I think that given enough interest, abuse worthy 29ers might exist one day. If you think about it, 26" wheels started out for trail riding too. It's only as of late that we've seen real progression.


----------



## snaky69 (Mar 8, 2005)

XSL_WiLL said:


> I think that given enough interest, abuse worthy 29ers might exist one day. If you think about it, 26" wheels started out for trail riding too. It's only as of late that we've seen real progression.


True, but I sometimes think luggin my 26er in the tight skateparks is a pain sometimes, I can't imagine having an even bigger bike.


----------



## xray (May 5, 2005)

XSL_WiLL said:


> I think that given enough interest, abuse worthy 29ers might exist one day. If you think about it, 26" wheels started out for trail riding too. It's only as of late that we've seen real progression.


I agree a bit, but at some time you gotta hit a point of no return. I mean, you can only go so small and so big, and 29" is pushing the limit.


----------



## Evil4bc (Apr 13, 2004)

aggiebiker said:


> there is no 29er that will ever be able to handle urban/dj/park. and there never will be.


One word

WOLFHOUND


----------



## aggiebiker (Apr 18, 2006)

Evil4bc said:


> One word
> 
> WOLFHOUND


one word.

LOLOLOLOL


----------



## Evil4bc (Apr 13, 2004)

aggiebiker said:


> one word.
> 
> LOLOLOLOL


 Why you make such ignorant comments wile at the same time sounding so uninformed is totally beyond me .

Wolfhound bikes are bad ass!

Pic of Izzac on his 29er Wolfhound ! He frequently rides his at the Ashland and Talent parks !

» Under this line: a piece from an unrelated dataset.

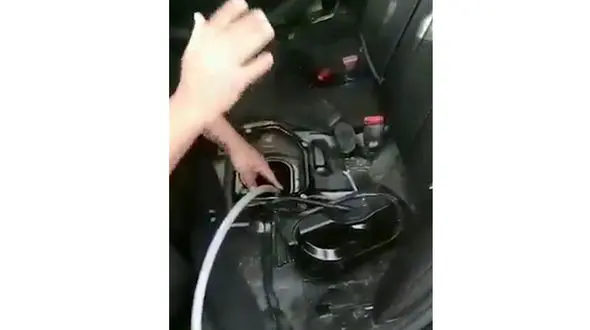 یک فاجعه در اتوبان قم / پمپ بنزینی که آب می فروشد + فیلم 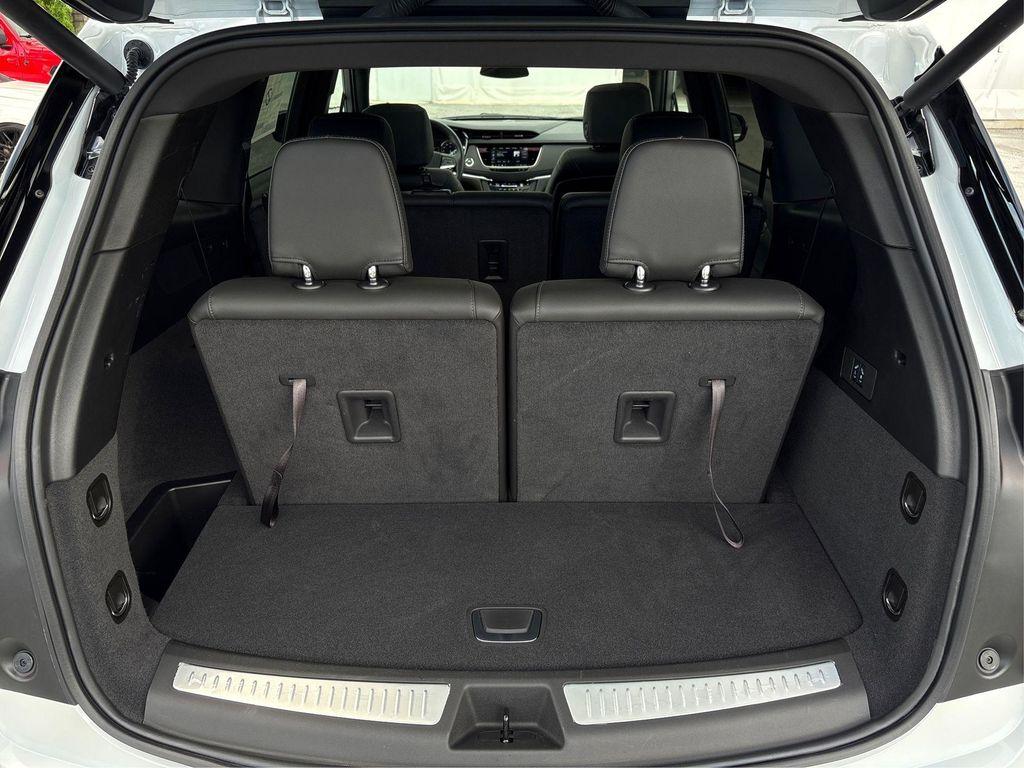 new 2025 Cadillac XT6 car, priced at $46,995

Looks like a bad ass urban bike to me !









The sexxiest stasy in the biz and look room for pegs :thumbup: 









Oh here's one of Fred's 26" also


----------



## Pantelis (Apr 4, 2006)

That looks like it could accually work. I couldn't fit on one though, but for someone big that would be cool.


----------



## Evil4bc (Apr 13, 2004)

To each his own , wile not being what I would choose to ride at a skate-park , or even what 99.98% of us would consider for jumping or street , don't underestimate that somewhere out there in this great big wide world of ours there could be someone who wants 29er jumping bike , this might explain why there are sooooo many different model bikes and different types of bicycles made these days .
If you really think about it you can find a high end bike for any nitch , yes including 29in jumping or urban frames if that's what you want .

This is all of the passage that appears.